When World War II ended, “Sad Sack” became a popular Sunday feature in newspapers. Harvey released the first “Sad Sack” comic book in 1949. Jerry Lewis starred in a movie loosely based on the cartoon characters in 1957.
Rhoads started doodling in his youth. For a few years before World War II, he attended art school in New York but he said he “never learned a thing there.” In 1942 he was in Marine boot camp, where he drew everything he saw.
Just before Rhoads was to be shipped off to combat in the Pacific, a captain asked if would like to be posted to Washington instead. Rhoads quickly replied that he would.

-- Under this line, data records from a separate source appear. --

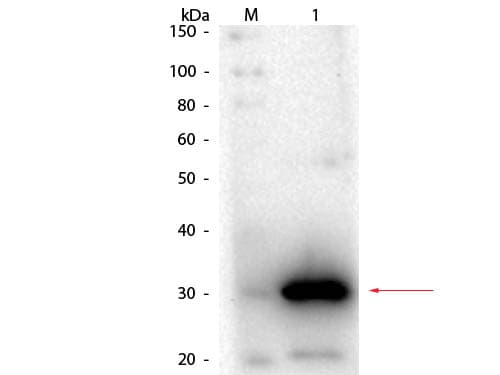 Polyclonal Goat anti-Human CA1 / Carbonic Anhydrase I Antibody (Liquid, IHC, WB)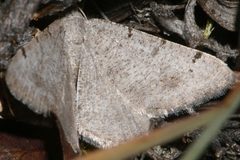 Digrammia delectata2 by CBG Photography Group, Centre for Biodiversity Genomics. Used under a CC0 license.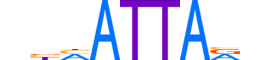 GSX1.H13CORE.0.SM.B reverse-complement motif logo (GSX1 gene, GSX1_HUMAN protein)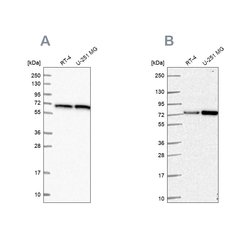 Invitrogen DLAT Polyclonal Antibody 100 &mu;L; Unconjugated:Antibodies,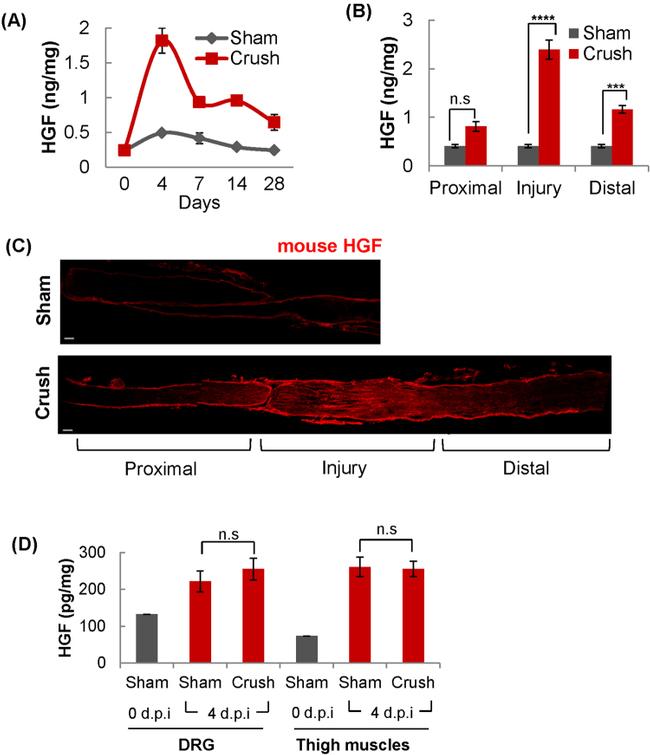 HGF Antibody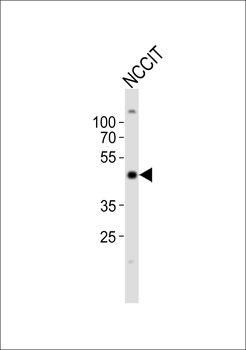 POU5F1 Antibody (C-term)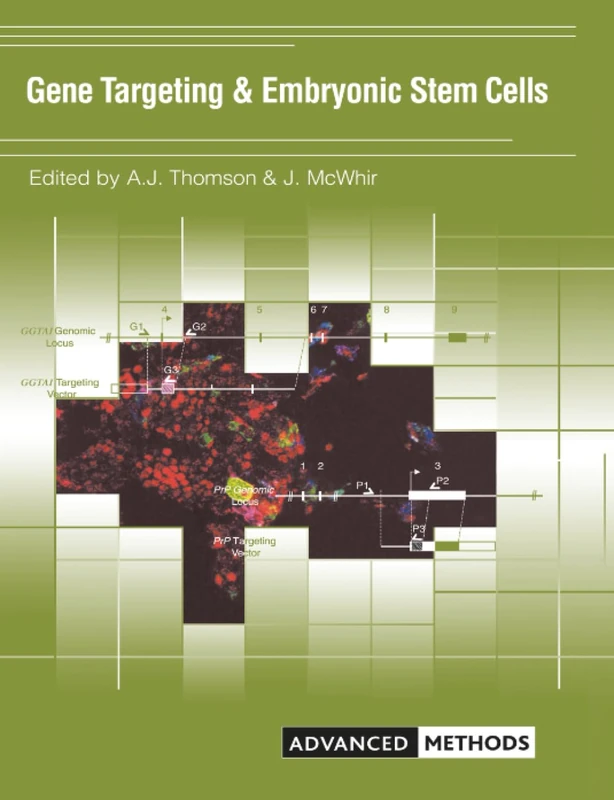 Gene Targeting and Embryonic Stem Cells (Advanced Methods)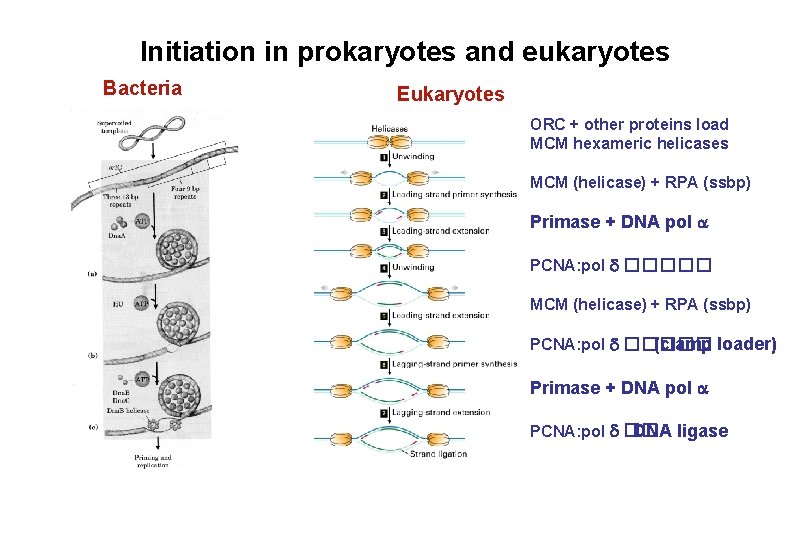Initiation in prokaryotes and eukaryotes Bacteria Eukaryotes ORC + other proteins load MCM hexameric Initiation in prokaryotes and eukaryotes Bacteria Eukaryotes ORC + other proteins load MCM hexameric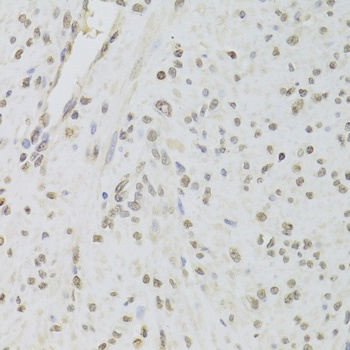 RUVBL1 Antibody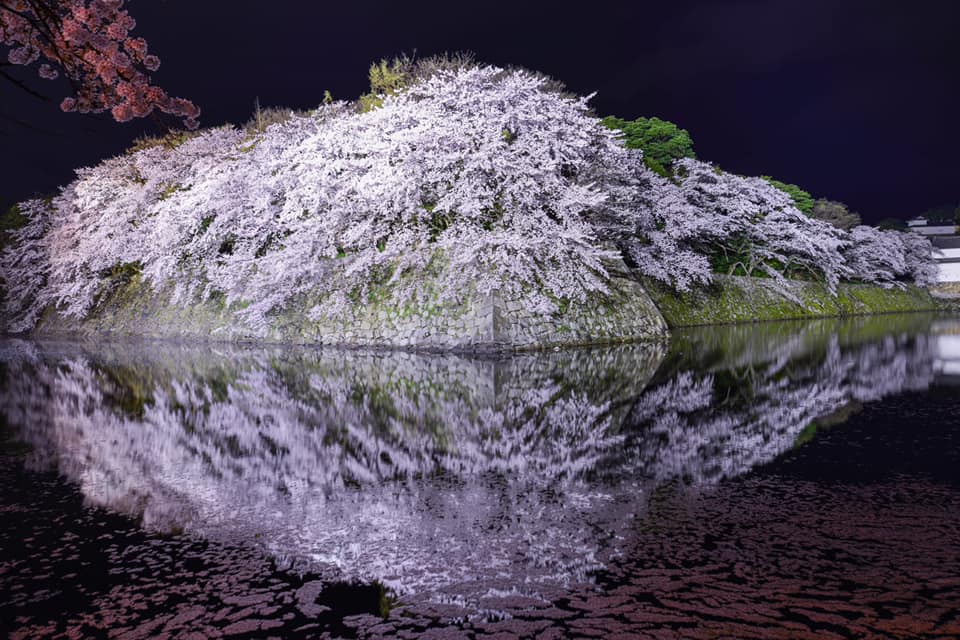 10 Superb Views to Visit after Covid-19 virus in Japan! The
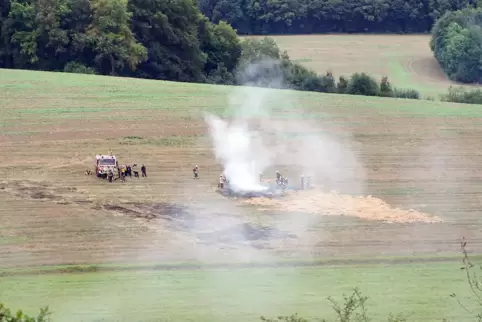 30 Feuerwehrleute haben an der zweitägigen Fortbildung zum Thema Vegetations-, Flächen- und Waldbrände teilgenommen. Am Freitag 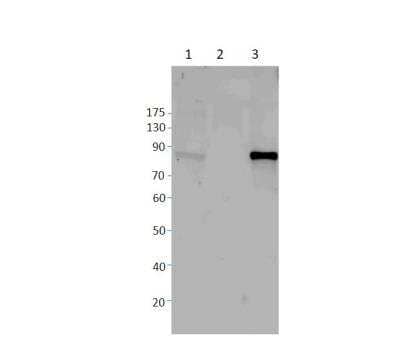 Western Blot: HIPK4 Antibody [NBP3-12399] - 1) Wild type mouse testis extract 10 uL. ) 2) kO mouse testis extract 10 uL. 3) 3T3 cells overexpressing mouse 2.5 uL. Apparent MW is 72-80 KDa. 1:250 dilution in DilObuffer.
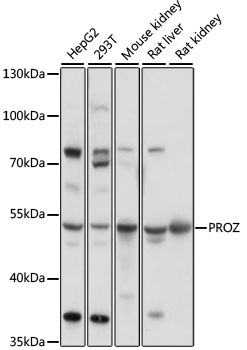 Western blot analysis of extracts of various cell lines using PROZ Polyclonal Antibody at 1:1000 dilution.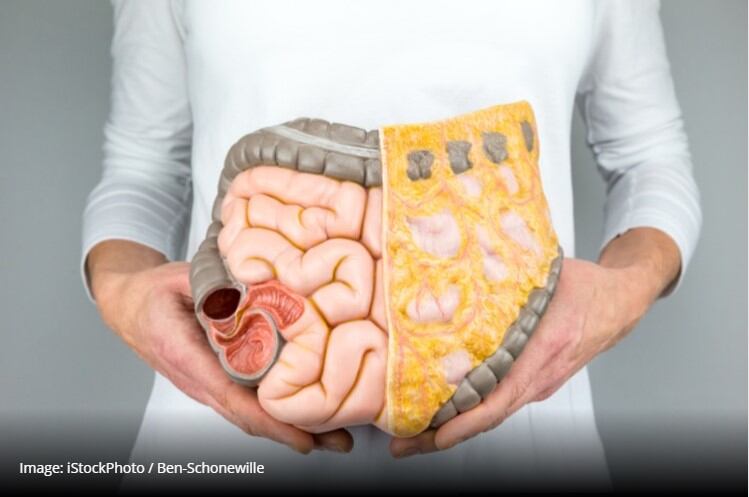 Commercial prebiotics may ‘talk’ to cells when exhibiting gut benefits, scientists say 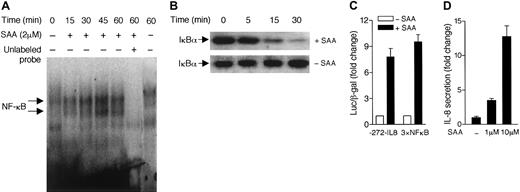 Fig. 3. SAA stimulates NF-κB activation. / (A) Neutrophils were stimulated with 2 μM SAA for different periods of time. Nuclear proteins were extracted and electrophoretic mobility shift assay was performed as described in “Materials and methods.” The NF-κB/DNA complex was detected by32P-labeled NF-κB oligonucleotide probe. Unlabeled NF-κB probe (100 × in excess) was used as a competitor to determine the specificity of DNA binding (lane 6). (B) Western blotting analysis was used to detect the cytoplasmic level of IκBα in neutrophils. Time-dependent degradation of IκBα was observed in SAA-treated (2 μM) but not the untreated neutrophils. Data shown are from one representative experiment of a total of 3, all with similar results. (C) HL-60 cells were transiently transfected with either a IL-8 luciferase reporter (−272–IL-8) or an NF-κB luciferase reporter (3 × NF-κB) as described in “Materials and methods.” The luciferase assays were performed after stimulation with 10 μM SAA for 4 hours at 37°C. Relative luciferase activities are expressed as fold induction over basal, after normalization of data against coexpressed β-galactosidase activities. (D) HL-60 cells (5 × 105 cells/200 μL) were cultured in serum-free medium with or without SAA for 4 hours. The secreted IL-8 was detected by ELISA. The fold increases of IL-8 production by the stimulated cells over unstimulated cells are shown. All data are presented as mean ± SEM, from 3 independent experiments, each performed in duplicate.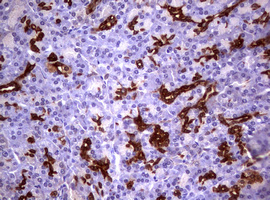 GSTP1 / GST Pi Antibody - IHC of paraffin-embedded Human pancreas tissue using anti-GSTP1 mouse monoclonal antibody. (Heat-induced epitope retrieval by 10mM citric buffer, pH6.0, 120°C for 3min).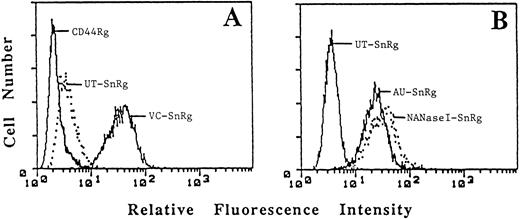 Fig. 5. Sialidase treatment of SnRg enhances reactivity to the Jurkat T-cell line. Jurkat (1 × 106) cells were incubated in (A) with 50 mg/mL of CD44Rg, untreated sialoRg (UT-SnRg) orVibrio Cholerae sialidase-treated SnRg (VC-SnRg) and in (B) with 50 mg/mL UT-sialoRg, Arthrobacter Ureafacienssialidase-treated SnRg (AU-SnRg) or NANaseI-treated SnRg.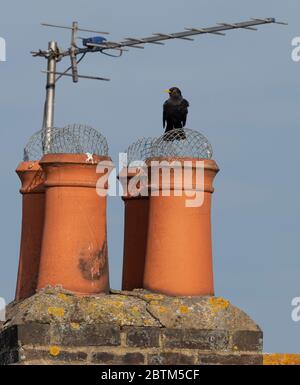 Wimbledon, London, Großbritannien. 27 Mai 2020. Eine Amsel auf Schornsteinspitzen thront beobachtet den Sonnenaufgang am 65. Tag der Coronavirus-Sperrung. Quelle: Malcolm Park/Alamy Live News. Stockfoto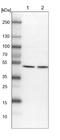 Cysteine protease ATG4A antibody, NBP1-89044, Novus Biologicals, Western Blot image 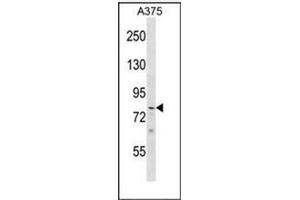 Western blot analysis of PHF21A Antibody (Center) in A375 cell line lysates (35ug/lane).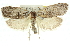  ( - 11ANIC-11343)  @12 [ ] CreativeCommons - Attribution (2011) ANIC/CBG Photography Group Centre for Biodiversity Genomics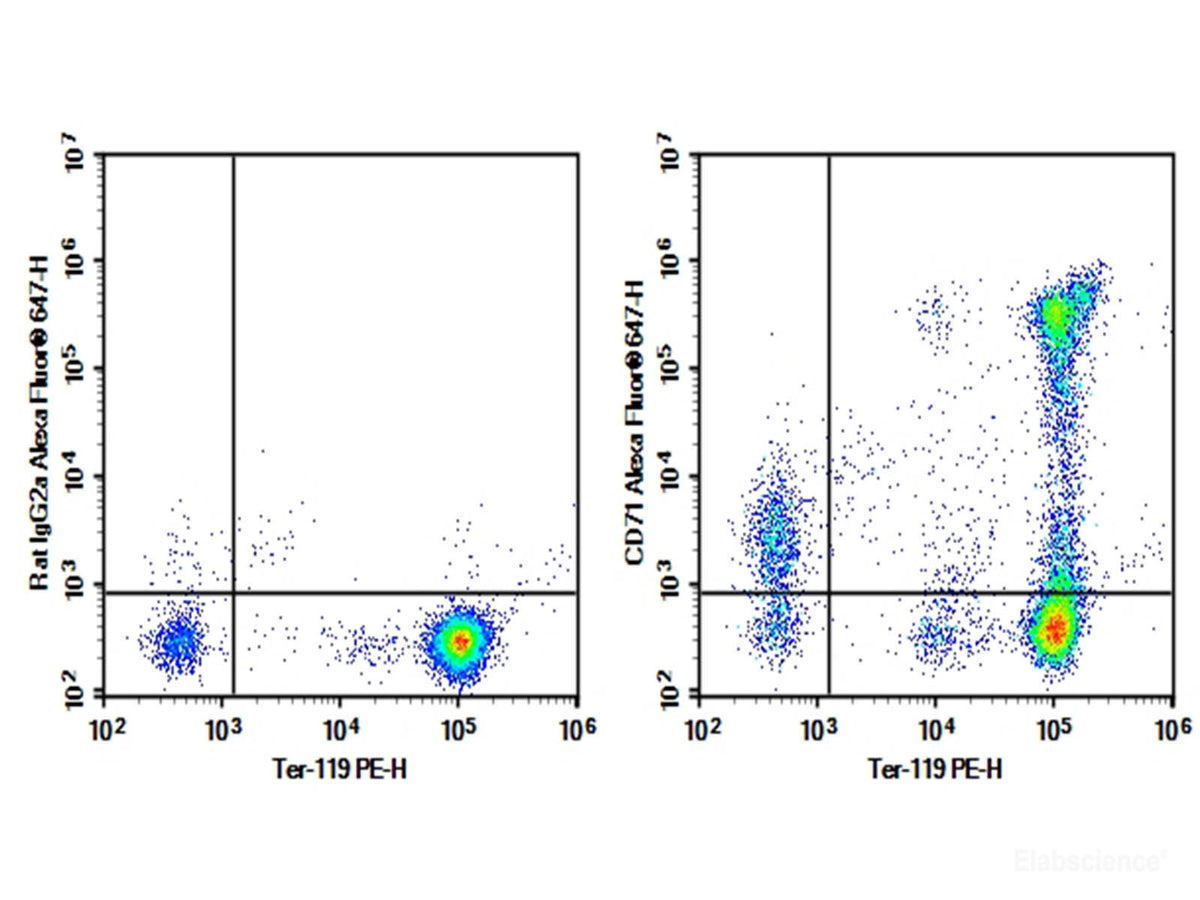 Purified Anti-Mouse CD71 Antibody[R17 217.1.3/TIB-219], Biomarkers, Elabscience Biotechnology, MSE Supplies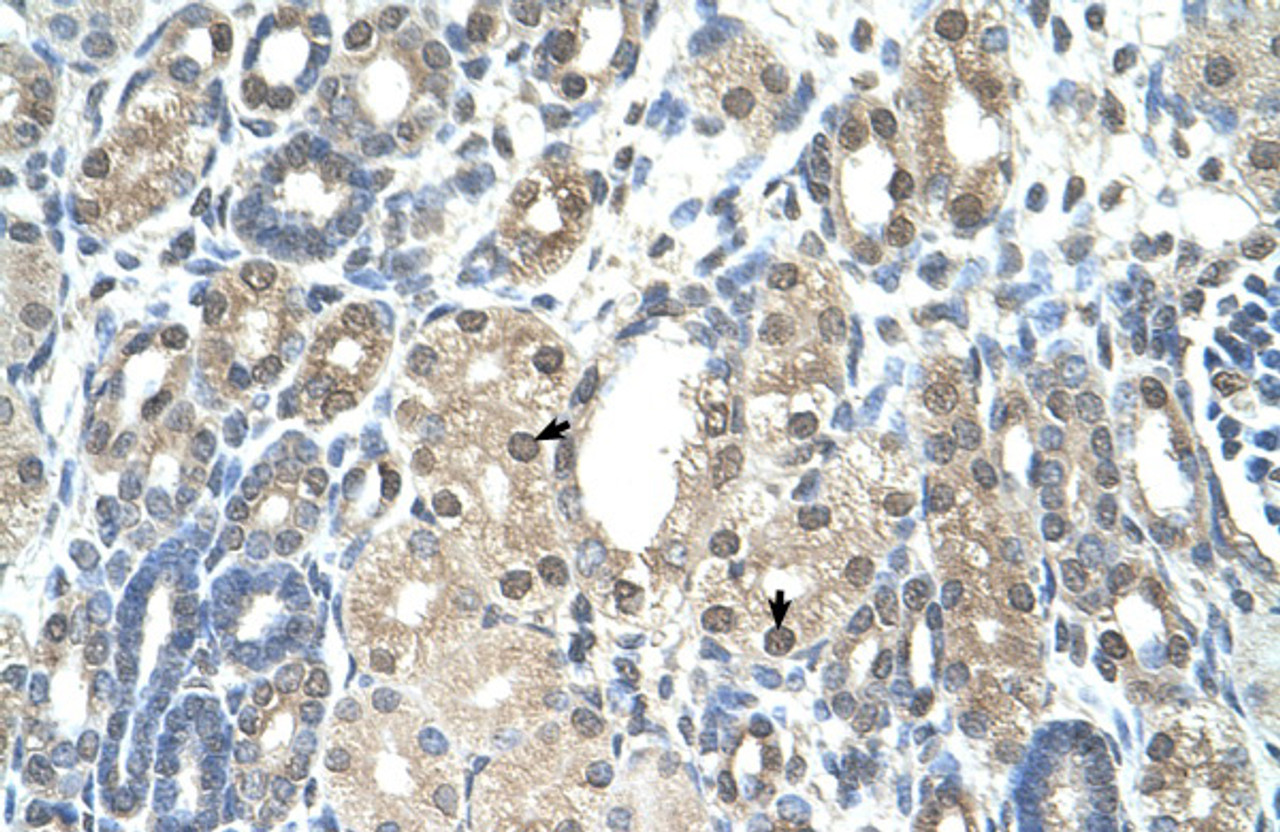 Antibody used in IHC on Human Kidney at 4.0-8.0 ug/ml.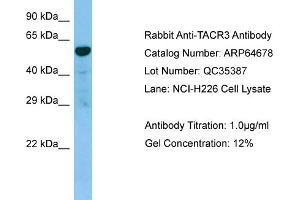 Western Blotting (WB) image for anti-Tachykinin Receptor 3 (TACR3) (C-Term) antibody (ABIN2789921) (TACR3 抗体  (C-Term))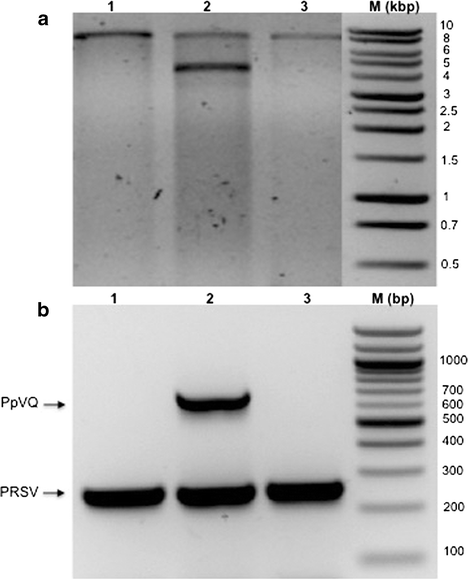 Detection And Partial Genome Sequence Of A New Umbra Like Virus Of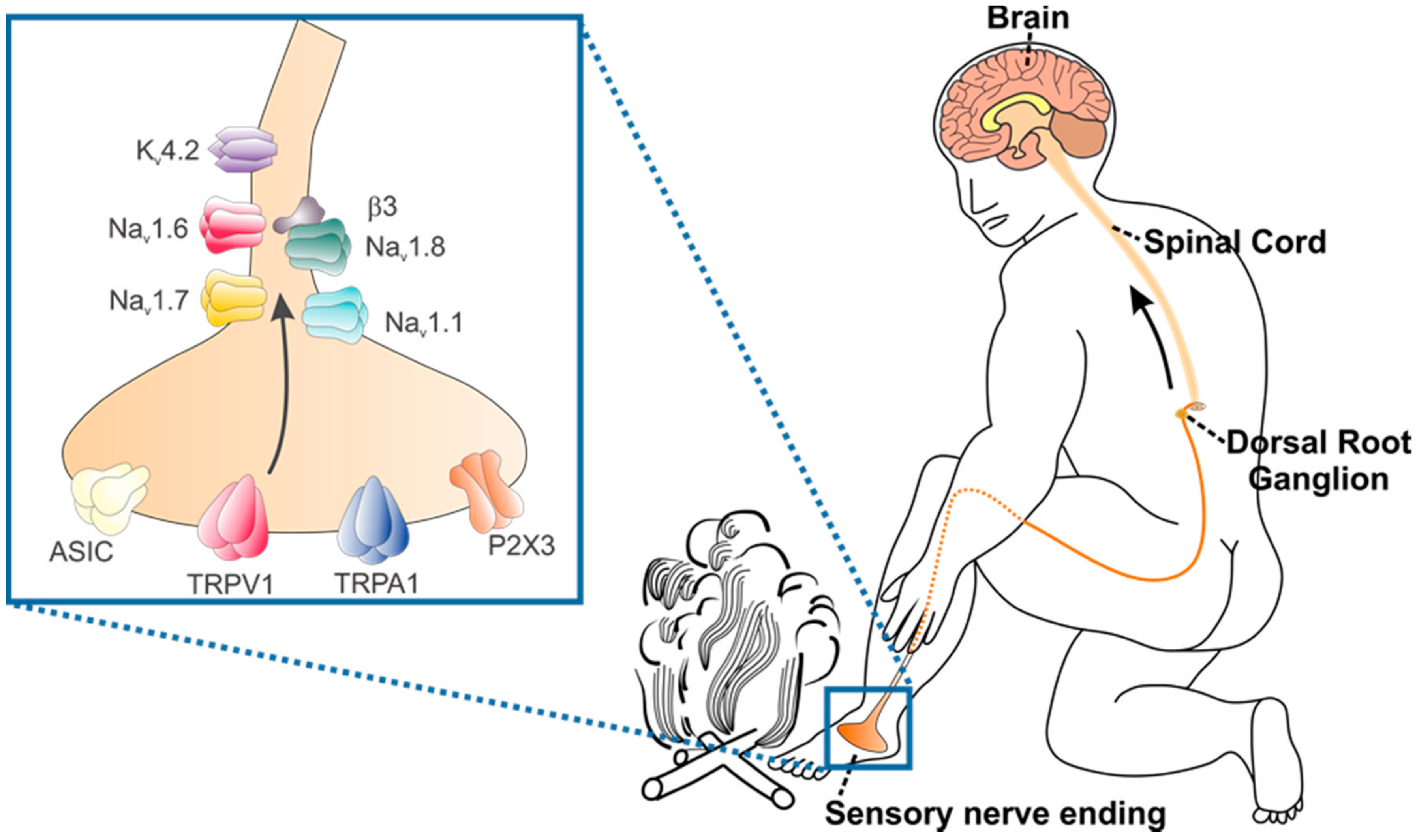 Toxins 10 00015 g001 Toxins 10 00015 g001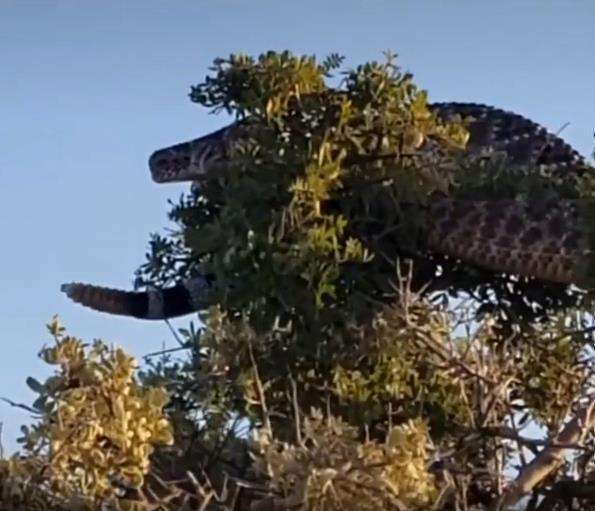 Viral penampakan ular raksasa nangkring di atas pohon.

Assigned to the Marine publication Leatherneck, he created the characters Gizmo and Eight Ball. About this time he also met fellow Marine Fred Lasswell, who was developing the “Snuffy Smith” cartoon character. Lasswell was just one in a slew of cartoonists who emerged during the war years, including “Beetle Bailey” creator Mort Walker and Bill Mauldin, who created the griping GIs Willie and Joe.
After the war, Rhoads went to work as Lasswell’s assistant, helping him develop gags for the “Snuffy Smith” strip.
In 1954, he was asked to take over the “Sad Sack” comic books. The characters he added included the music fanatic Hi-Fi and the conniving Sen. Fastbuck.
Rhoads’ “Sad Sack” was less risque than Baker’s, he once recalled. “He was used to drawing for men in the service. His humor tended to be more dirty, more sexy. And that didn’t work as well in the comic book,” Rhoads said.
He drew “Sad Sack” until 1977, when Harvey stopped sending him assignments. To his shock, Rhoads discovered that he had been considered a freelance artist by Harvey and would receive no unemployment or Social Security benefits. In 1978, he sued Harvey for back royalties on republished installments of the cartoon he had drawn for more than two decades.
According to trial testimony, “Sad Sack” creator Baker drew only about 800 pages of the cartoon. Rhoads drew 9,500 pages of “Sad Sack” over the years, for which he was paid $35 a page, plus small bonuses, for a total of about $330,000. He said Harvey should have paid him each time it republished his cartoons, many of which were reissued as many as five times.
An Arizona jury sided with Rhoads, awarding him $2.58 million. But the award was overturned on appeal in 1984 by an Arizona appellate court, which found no evidence of fraud on Harvey’s part and said Rhoads, then a Tucson resident, should have inquired about his rights long before the company terminated their relationship.
Rhoads said the long legal battle bankrupted him.
In the 1980s and 1990s, he worked as an editorial cartoonist for the Tucson Citizen. He was thrilled to find a market for his original drawings years after “Sad Sack” was retired.
“I’m thrilled to death to be doing this,” Rhoads, a member of the National Cartoonists Society, said in 1989 when he was selling his artwork at a San Diego comic convention.
“Back when I started, mothers wouldn’t let their kids read comic books. They were considered trash. What is trash nowadays? Trash is in. Compared to the movies, comic books are tame.”